Short text fragments from websites
----

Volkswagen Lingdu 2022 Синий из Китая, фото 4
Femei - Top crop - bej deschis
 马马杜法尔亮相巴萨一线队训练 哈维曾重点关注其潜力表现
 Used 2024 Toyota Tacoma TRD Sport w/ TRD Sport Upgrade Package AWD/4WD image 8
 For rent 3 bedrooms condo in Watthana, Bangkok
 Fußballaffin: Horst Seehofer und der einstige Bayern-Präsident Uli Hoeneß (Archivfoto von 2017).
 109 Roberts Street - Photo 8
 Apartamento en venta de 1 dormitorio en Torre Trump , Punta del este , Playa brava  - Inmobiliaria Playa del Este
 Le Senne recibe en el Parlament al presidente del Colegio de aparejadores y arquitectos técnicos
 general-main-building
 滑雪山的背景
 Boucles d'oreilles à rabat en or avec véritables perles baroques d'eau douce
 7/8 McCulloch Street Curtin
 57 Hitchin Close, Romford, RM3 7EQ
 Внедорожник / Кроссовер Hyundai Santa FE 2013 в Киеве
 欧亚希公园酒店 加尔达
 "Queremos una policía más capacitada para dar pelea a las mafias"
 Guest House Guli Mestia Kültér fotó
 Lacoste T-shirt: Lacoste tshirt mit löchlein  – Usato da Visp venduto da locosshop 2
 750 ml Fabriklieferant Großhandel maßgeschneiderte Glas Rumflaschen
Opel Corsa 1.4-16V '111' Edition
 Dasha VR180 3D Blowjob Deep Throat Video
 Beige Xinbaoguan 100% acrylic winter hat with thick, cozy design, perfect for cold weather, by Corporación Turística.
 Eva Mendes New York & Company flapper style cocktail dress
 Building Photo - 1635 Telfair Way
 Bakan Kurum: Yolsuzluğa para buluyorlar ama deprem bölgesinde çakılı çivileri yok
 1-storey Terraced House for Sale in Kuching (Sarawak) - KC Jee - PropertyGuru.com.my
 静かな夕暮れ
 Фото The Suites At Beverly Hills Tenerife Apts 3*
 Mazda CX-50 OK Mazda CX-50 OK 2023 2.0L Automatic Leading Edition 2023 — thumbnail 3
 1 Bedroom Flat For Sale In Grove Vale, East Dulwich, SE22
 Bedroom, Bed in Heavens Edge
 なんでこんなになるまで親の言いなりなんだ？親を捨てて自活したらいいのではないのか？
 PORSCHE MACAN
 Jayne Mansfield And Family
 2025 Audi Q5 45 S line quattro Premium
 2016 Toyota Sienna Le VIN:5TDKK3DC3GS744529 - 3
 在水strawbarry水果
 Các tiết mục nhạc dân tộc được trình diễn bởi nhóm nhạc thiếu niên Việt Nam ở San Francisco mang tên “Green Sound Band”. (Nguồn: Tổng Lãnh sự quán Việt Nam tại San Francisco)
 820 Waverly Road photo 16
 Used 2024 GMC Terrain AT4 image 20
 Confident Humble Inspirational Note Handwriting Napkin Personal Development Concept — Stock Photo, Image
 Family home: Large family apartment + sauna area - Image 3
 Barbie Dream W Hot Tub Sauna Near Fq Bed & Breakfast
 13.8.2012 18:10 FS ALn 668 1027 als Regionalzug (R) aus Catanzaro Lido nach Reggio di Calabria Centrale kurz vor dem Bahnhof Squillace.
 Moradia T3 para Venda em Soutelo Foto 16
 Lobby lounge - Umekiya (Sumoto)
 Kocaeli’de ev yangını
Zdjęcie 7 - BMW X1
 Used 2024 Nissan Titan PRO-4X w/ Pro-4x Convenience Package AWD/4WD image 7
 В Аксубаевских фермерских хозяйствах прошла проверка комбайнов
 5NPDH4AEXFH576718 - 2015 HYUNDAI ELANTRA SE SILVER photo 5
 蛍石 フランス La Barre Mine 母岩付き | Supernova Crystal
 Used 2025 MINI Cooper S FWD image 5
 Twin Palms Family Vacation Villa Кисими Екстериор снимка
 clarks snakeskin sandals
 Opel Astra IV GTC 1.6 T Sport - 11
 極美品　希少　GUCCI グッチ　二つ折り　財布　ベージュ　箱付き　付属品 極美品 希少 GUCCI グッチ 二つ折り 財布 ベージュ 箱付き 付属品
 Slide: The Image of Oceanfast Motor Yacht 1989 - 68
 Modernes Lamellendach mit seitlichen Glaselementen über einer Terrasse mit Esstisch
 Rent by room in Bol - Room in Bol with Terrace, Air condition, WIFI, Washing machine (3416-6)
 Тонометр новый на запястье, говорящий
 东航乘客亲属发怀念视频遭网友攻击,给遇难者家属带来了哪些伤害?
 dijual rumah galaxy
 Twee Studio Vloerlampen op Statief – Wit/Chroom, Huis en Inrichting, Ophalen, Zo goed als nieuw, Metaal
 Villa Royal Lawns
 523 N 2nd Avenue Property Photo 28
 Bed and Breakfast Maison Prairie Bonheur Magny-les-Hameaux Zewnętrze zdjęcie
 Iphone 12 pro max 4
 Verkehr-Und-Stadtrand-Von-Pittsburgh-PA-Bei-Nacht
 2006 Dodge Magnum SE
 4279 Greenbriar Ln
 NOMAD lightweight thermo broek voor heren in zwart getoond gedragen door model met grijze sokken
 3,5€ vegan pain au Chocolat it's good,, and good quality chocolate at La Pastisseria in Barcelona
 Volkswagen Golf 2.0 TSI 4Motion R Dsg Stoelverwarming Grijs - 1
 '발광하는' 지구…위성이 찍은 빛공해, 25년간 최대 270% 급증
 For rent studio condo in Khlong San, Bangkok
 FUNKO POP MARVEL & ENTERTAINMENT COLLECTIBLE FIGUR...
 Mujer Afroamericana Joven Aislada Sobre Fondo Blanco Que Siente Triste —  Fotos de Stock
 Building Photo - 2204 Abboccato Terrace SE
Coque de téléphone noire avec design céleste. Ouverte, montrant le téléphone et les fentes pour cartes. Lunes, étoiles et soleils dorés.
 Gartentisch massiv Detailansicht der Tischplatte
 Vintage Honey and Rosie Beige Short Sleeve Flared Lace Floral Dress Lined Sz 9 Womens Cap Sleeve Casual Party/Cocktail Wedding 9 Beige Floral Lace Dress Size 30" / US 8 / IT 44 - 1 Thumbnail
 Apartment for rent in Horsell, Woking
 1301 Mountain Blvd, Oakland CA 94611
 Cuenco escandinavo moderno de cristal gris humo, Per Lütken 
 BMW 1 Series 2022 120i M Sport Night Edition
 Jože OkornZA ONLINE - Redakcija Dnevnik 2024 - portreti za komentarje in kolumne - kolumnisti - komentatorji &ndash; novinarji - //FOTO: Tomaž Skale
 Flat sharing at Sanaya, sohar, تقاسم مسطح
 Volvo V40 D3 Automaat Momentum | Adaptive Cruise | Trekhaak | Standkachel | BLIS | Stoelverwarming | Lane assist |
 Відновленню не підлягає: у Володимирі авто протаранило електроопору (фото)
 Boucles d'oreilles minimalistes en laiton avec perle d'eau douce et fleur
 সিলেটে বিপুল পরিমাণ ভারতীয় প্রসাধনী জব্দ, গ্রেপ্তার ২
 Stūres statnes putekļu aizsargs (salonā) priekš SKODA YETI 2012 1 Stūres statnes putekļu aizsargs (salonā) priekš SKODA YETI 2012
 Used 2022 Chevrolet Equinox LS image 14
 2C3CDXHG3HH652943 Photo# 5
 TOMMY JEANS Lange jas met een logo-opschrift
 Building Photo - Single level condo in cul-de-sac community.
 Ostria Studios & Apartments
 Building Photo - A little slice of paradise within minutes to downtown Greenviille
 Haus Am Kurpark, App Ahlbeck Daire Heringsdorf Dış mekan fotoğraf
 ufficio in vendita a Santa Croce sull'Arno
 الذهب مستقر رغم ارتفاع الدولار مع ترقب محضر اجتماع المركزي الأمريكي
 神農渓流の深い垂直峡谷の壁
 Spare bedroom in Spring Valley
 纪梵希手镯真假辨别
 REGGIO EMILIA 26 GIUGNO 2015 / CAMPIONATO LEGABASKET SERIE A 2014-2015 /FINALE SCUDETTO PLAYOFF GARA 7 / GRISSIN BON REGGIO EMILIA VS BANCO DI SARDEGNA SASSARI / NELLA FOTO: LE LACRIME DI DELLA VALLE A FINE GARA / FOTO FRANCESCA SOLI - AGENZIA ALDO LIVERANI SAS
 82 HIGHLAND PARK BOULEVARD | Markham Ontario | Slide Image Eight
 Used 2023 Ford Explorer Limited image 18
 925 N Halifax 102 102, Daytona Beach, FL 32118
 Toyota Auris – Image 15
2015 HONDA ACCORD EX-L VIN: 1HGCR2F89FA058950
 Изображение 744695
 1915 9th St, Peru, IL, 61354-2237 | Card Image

----

--- PROBLEM DESCRIPTION ---
In the records above, the line with "Boucles d'oreilles à" marks the start and the line with "Dasha VR180 3D Blowjob Deep Throat Video" marks the end; copy that stretch exactly, both lines included, and nothing else.

--- WRITTEN RESPONSE ---
 Boucles d'oreilles à rabat en or avec véritables perles baroques d'eau douce
 7/8 McCulloch Street Curtin
 57 Hitchin Close, Romford, RM3 7EQ
 Внедорожник / Кроссовер Hyundai Santa FE 2013 в Киеве
 欧亚希公园酒店 加尔达
 "Queremos una policía más capacitada para dar pelea a las mafias"
 Guest House Guli Mestia Kültér fotó
 Lacoste T-shirt: Lacoste tshirt mit löchlein  – Usato da Visp venduto da locosshop 2
 750 ml Fabriklieferant Großhandel maßgeschneiderte Glas Rumflaschen
Opel Corsa 1.4-16V '111' Edition
 Dasha VR180 3D Blowjob Deep Throat Video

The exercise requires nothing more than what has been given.